O modelo que Abramovay chama de “economia de conhecimento da natureza” se contrapõe, segundo ele, à permanência do que hoje ele considera a “economia da destruição da natureza”, marcada pelo desmatamento indiscriminado e pelo mau uso da terra, por exemplo.
A expressão “economia de conhecimento da natureza” foi cunhada pela geógrafa brasileira Bertha Becker, autora de diversos livros sobre a Amazônia e desenvolvimento sustentável. Em entrevista de 2010 ao portal Ecodebate, ela definiu o modelo como uma forma de utilizar a natureza “ sem destruir todas as suas potencialidades e diversificação”.
“É justamente utilizar [a natureza] sem destruir. Ou destruir o mínimo. […] Já se tinha um conhecimento baseado nas culturas dos povos de acordo com seus diferentes lugares de vida, e agora é que se entende que a natureza é tão poderosa, ela tem tantas potencialidades que é possível você desenvolver uma economia baseada nestes conhecimentos, com consciência, tecnologia e práticas adequadas”
No estudo divulgado em 2018, Abramovay defende que técnicas da chamada quarta revolução industrial — era industrial do século 21, marcada principalmente pelo desenvolvimento de robôs — sejam aplicadas ao conhecimento e à exploração da Amazônia, a fim de transformar a floresta em base para o desenvolvimento sustentável.
O pesquisador também diz ser necessário fortalecer a presença de centros de pesquisa e estruturas universitárias na Amazônia.

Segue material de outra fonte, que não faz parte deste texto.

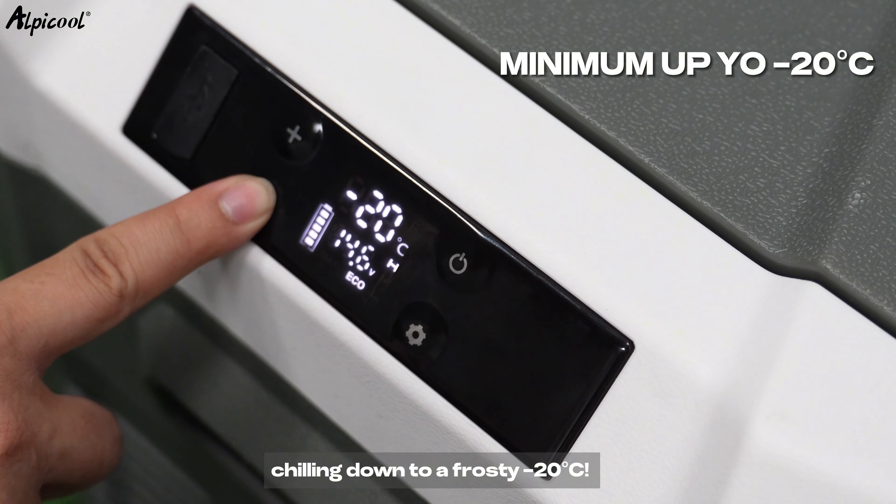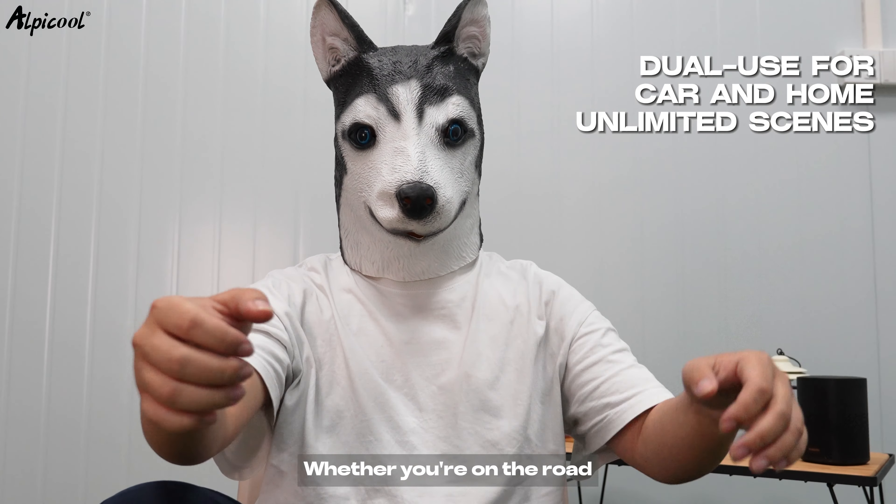Here's the kicker — it packs a punch with its powerful refrigeration, allowing you to choose between max mode for freezing temperatures or eco mode for energy efficiency. It's powered by an inverter compressor, chilling down to a frosty -20 degrees.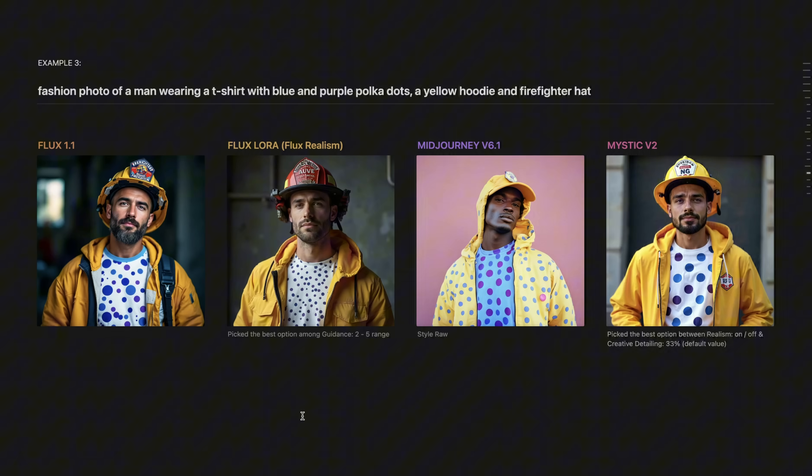Next example: a fashion photo of a man wearing a t-shirt with blue and purple polka dots, a yellow hoodie, and a firefighter hat. For Flux LoRA I picked the best option between guidance range 2 and 5; for Mid Journey I used the style-raw parameter; and for Mystic I tried both realism on and off. For me, all outputs are great except Mid Journey's — it really struggled with putting polka dots on the t-shirt, separating the hoodie, and there isn't even a proper firefighter hat. The rest of the models did extremely well.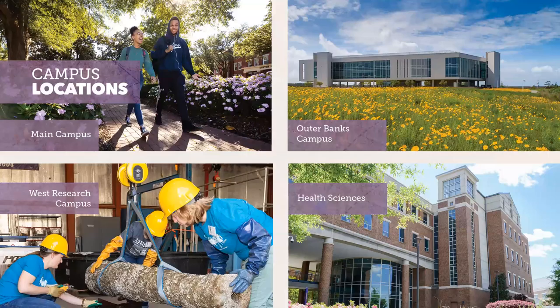ECU is located in Greenville, North Carolina, and three of our four campuses are located in Greenville. That's our historic main campus, our West Research Campus — which is home to the restoration labs for artifacts recovered from Queen Anne's Revenge, the flagship of Blackbeard — and our Health Science Campus, home to the Brody School of Medicine, College of Nursing, College of Allied Health, and School of Dental Medicine. We also have an Outer Banks campus, home to our Coastal Studies Institute, where students can spend a semester at the coast, take ECU classes, and get research and field experience.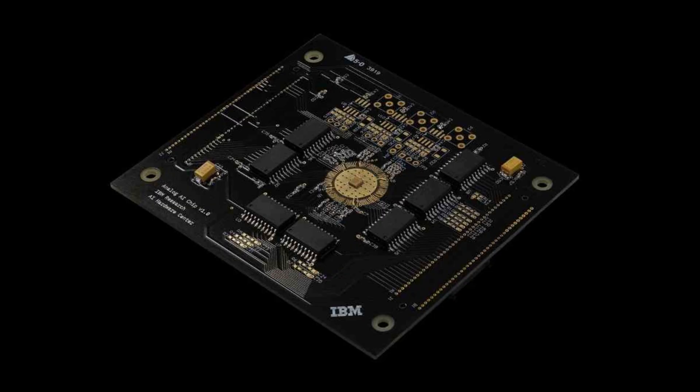IBM Research has created an exciting new analog AI chip that promises to revolutionize the way neural networks are computed, all while substantially conserving energy. This game-changing chip, released in a recent publication in Nature Electronics, uses the cutting-edge principles of analog AI to emulate the neural functions found in biological brains. By replacing traditional digital computing architectures with analog methods, IBM's research team has created a unique solution that reduces data transfer and significantly improves energy efficiency.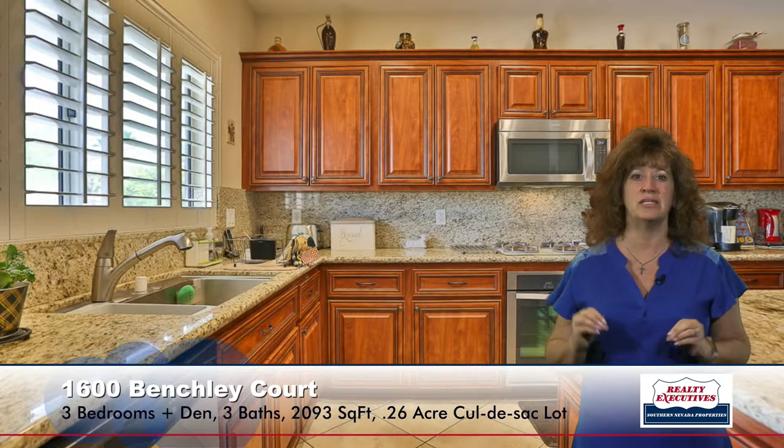Here in the kitchen I have granite countertops with a full backsplash and custom cabinets. This kitchen has been recently remodeled, so it has nice custom cabinets and stainless steel appliances, pot shelves, an island with a breakfast bar, recessed lighting — just a really gorgeous bright and sunny kitchen.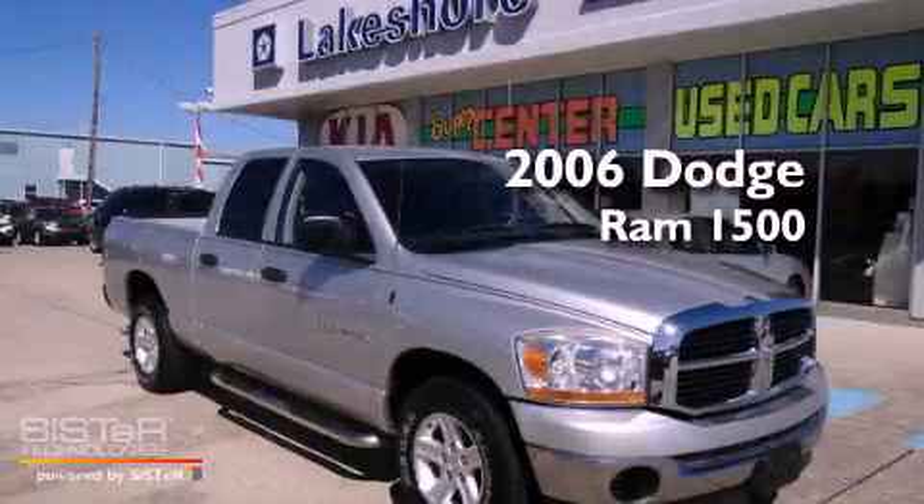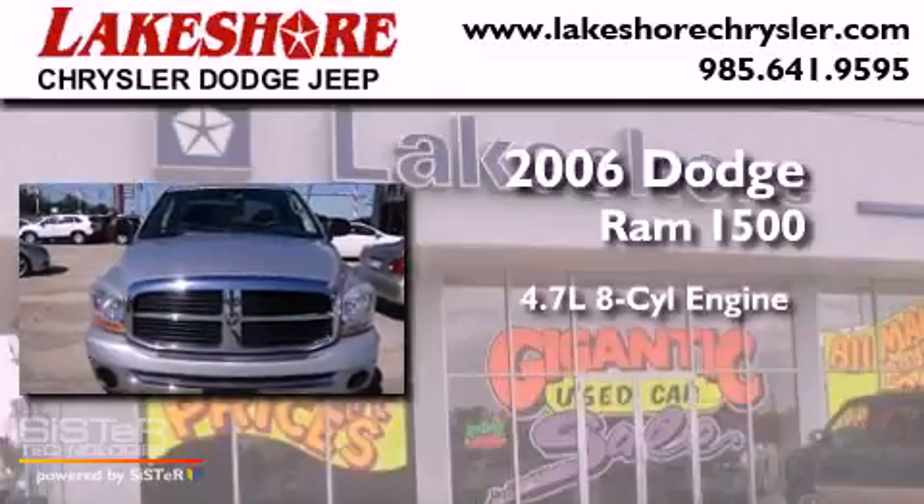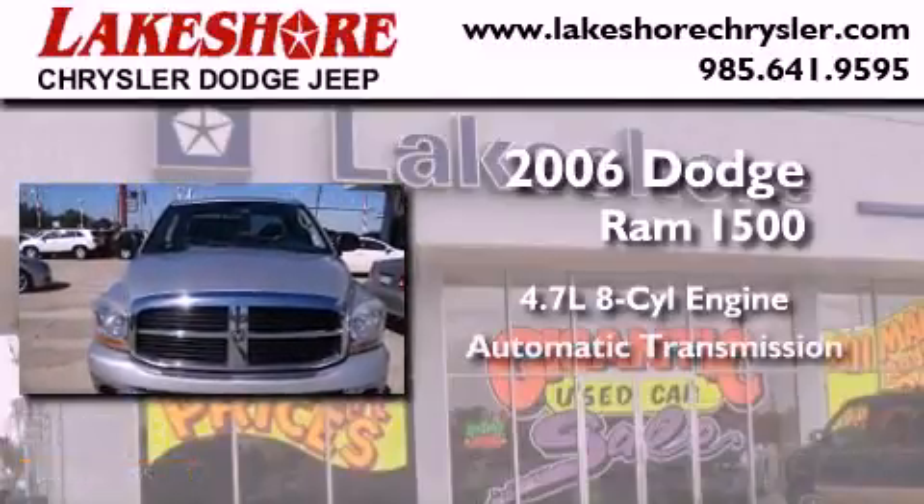This is a 2006 Dodge Ram 1500. It features a 4.7-liter, eight-cylinder engine and an automatic transmission.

A ideia tem sido defendida desde 2008 pela Academia Brasileira de Ciências.
Como exemplo bem sucedido de uso sustentável da terra, o estudo menciona o trabalho de povos tradicionais — indígenas, ribeirinhos e extrativistas — em UCs (Unidades de Conservação), áreas públicas protegidas que chegam quase à metade do território da Amazônia. Sem comprometer a preservação da floresta, esses povos desenvolvem atividades como o ecoturismo e o manejo florestal comunitário .
Apesar de iniciativas do tipo, as Unidades de Conservação também têm sido atingidas pelo desmatamento. Cerca de 2,5 milhões de hectares foram desmatados dentro de UCs na Amazônia até 2013, diz o estudo. Entre 1995 e 2012, 2,8 milhões de hectares perderam sua condição de área protegida, dando lugar a ocupações irregulares na região.
O estudo afirma que “não há razões econômicas que justifiquem a persistência do desmatamento na Amazônia”, que, segundo Abramovay, tem contribuição irrisória para o crescimento do país.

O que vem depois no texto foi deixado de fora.